Security forces arrested 2,552 people across the country overnight Friday on "various charges," said a statement released Saturday by police headquarters in the capital Dhaka.
The arrests came after the president on Thursday declared a state of emergency, delayed elections, and stepped down as head of a caretaker government to end street demonstrations alleging the upcoming vote was rigged.
On Friday, President Iajuddin Ahmed swore in respected economist Fakhruddin Ahmed to replace him as head of the country's caretaker government, mandated to steer the nation through elections. The president said balloting has been deferred from the scheduled Jan. 22 date.
A 19-party political alliance led by a former prime minister, Sheikh Hasina, had threatened to boycott and disrupt the vote unless the president stepped aside as the head of the caretaker government and election reforms were put in place.
Election Commission official Mihir Sarwar Murshed told reporters Saturday that the commission has suspended all election-related activities.

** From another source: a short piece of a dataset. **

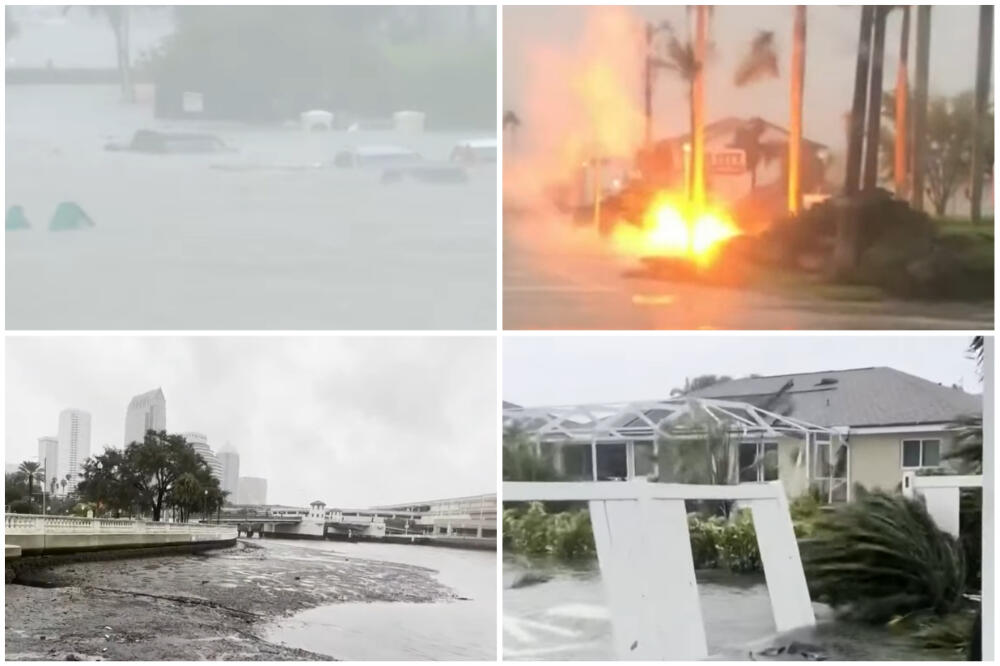 URAGAN IJAN OSTAVIO KATASTROFALNE POSLEDICE: Spasioci tragaju za PREŽIVELIMA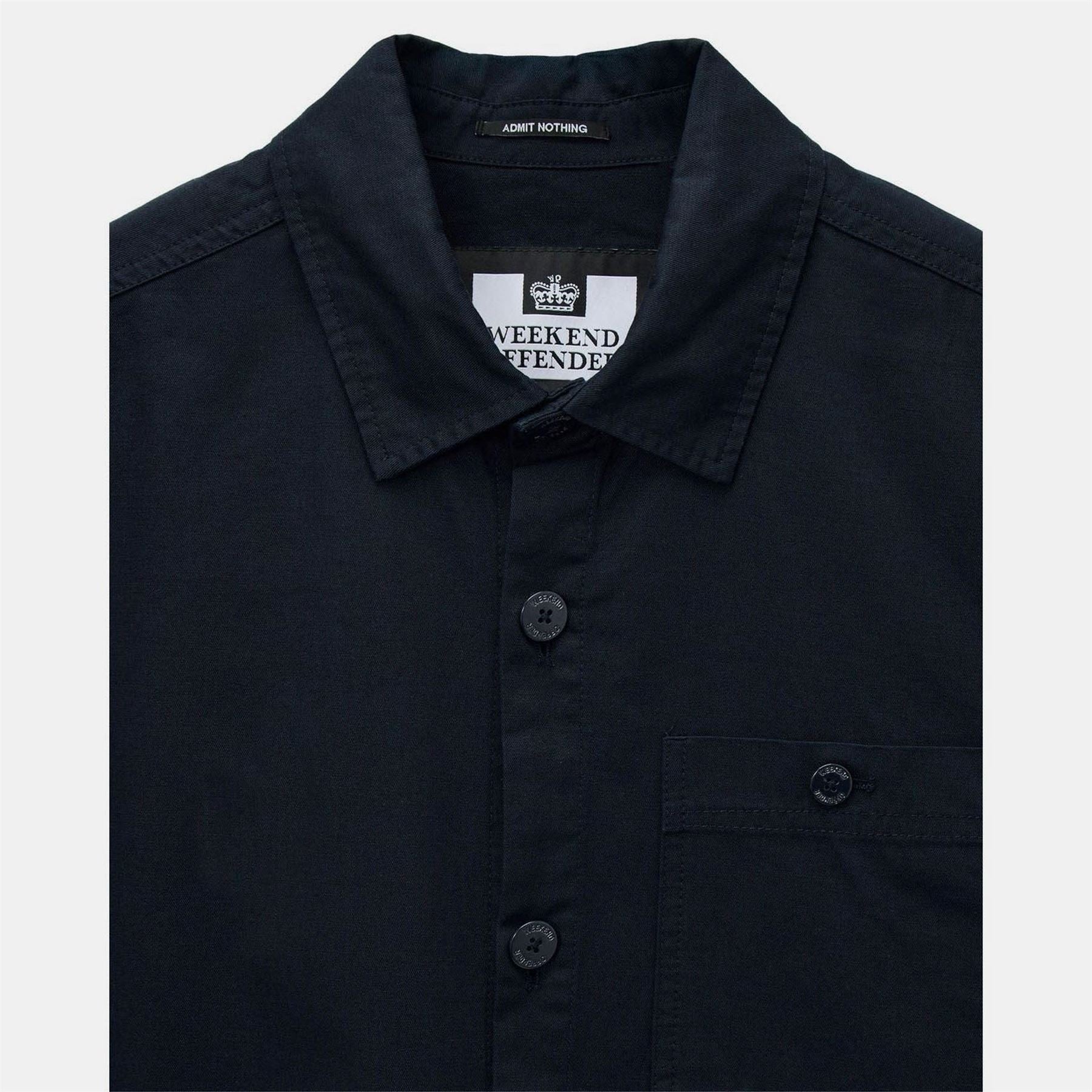 Weekend Offender Hynde Baker Overshirt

He did not elaborate.
Soon after the new caretaker government chief was appointed, the alliance withdrew a planned series of transport blockades and strikes.
The Prothom Alo newspaper reported authorities detained some local politicians throughout Bangladesh, but no prominent leaders were arrested.
Troops and police also raided the homes of some political leaders' aides suspected of criminal activities or corruption, but made no arrests, the newspaper said.
The politicians were from both sides of the election dispute, the newspaper said.
Police said Saturday a former lawmaker, Kamal Majumder, was arrested the day before and has been jailed in the capital.
Soldiers arrested him at his Dhaka home, said police official Jasim, who uses only one name. Jasim would not name the charge. Majumder belongs to the Awami League party, a key force behind the election protests.
No new date has been set for the elections, and fears remained of further turmoil in a country with a history of coups, military rule and violently bitter democratic politics.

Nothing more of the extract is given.